About this task » Find the line containing "听说，你宁可相信爱情，也不信美容仪？" in the entries below. Restate it and each line after it, word for word, up to and including the line containing "Shura Japanese Movie photo".

======== The input

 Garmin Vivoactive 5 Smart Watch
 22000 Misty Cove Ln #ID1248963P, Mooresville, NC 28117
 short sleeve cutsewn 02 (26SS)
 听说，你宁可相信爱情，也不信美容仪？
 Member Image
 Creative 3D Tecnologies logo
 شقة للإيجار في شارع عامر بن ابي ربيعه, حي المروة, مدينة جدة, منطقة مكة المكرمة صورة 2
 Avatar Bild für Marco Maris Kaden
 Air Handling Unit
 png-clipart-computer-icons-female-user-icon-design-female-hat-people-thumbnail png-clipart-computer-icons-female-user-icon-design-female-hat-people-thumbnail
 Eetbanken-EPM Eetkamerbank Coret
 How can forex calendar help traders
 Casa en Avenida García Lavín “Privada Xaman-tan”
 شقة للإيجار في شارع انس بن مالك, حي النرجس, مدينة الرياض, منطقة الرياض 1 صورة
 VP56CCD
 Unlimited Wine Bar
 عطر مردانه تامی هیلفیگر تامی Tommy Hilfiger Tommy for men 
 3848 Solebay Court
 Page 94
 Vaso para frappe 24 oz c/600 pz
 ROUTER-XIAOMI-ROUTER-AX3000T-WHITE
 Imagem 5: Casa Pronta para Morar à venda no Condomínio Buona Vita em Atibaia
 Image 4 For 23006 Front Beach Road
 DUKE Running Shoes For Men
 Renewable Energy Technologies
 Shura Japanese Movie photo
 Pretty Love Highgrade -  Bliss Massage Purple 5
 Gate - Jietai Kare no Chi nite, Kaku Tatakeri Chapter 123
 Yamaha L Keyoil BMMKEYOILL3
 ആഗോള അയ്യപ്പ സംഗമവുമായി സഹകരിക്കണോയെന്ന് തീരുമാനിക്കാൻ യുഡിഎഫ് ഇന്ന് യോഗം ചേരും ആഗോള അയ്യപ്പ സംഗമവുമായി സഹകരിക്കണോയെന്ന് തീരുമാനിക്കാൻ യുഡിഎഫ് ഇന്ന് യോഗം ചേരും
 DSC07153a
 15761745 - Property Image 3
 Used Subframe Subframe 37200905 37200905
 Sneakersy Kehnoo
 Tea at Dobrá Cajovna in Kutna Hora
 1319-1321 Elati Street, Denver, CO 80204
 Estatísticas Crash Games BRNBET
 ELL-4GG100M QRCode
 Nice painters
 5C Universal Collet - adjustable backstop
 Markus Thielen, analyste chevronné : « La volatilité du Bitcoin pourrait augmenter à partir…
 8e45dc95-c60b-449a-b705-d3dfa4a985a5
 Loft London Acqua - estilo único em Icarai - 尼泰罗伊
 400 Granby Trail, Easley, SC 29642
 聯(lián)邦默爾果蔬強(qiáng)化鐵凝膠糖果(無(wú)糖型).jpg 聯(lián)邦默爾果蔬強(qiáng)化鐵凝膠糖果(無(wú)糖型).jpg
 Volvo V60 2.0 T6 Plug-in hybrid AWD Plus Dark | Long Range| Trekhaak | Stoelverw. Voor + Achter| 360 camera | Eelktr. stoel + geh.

================

Solved exercise »
 听说，你宁可相信爱情，也不信美容仪？
 Member Image
 Creative 3D Tecnologies logo
 شقة للإيجار في شارع عامر بن ابي ربيعه, حي المروة, مدينة جدة, منطقة مكة المكرمة صورة 2
 Avatar Bild für Marco Maris Kaden
 Air Handling Unit
 png-clipart-computer-icons-female-user-icon-design-female-hat-people-thumbnail png-clipart-computer-icons-female-user-icon-design-female-hat-people-thumbnail
 Eetbanken-EPM Eetkamerbank Coret
 How can forex calendar help traders
 Casa en Avenida García Lavín “Privada Xaman-tan”
 شقة للإيجار في شارع انس بن مالك, حي النرجس, مدينة الرياض, منطقة الرياض 1 صورة
 VP56CCD
 Unlimited Wine Bar
 عطر مردانه تامی هیلفیگر تامی Tommy Hilfiger Tommy for men 
 3848 Solebay Court
 Page 94
 Vaso para frappe 24 oz c/600 pz
 ROUTER-XIAOMI-ROUTER-AX3000T-WHITE
 Imagem 5: Casa Pronta para Morar à venda no Condomínio Buona Vita em Atibaia
 Image 4 For 23006 Front Beach Road
 DUKE Running Shoes For Men
 Renewable Energy Technologies
 Shura Japanese Movie photo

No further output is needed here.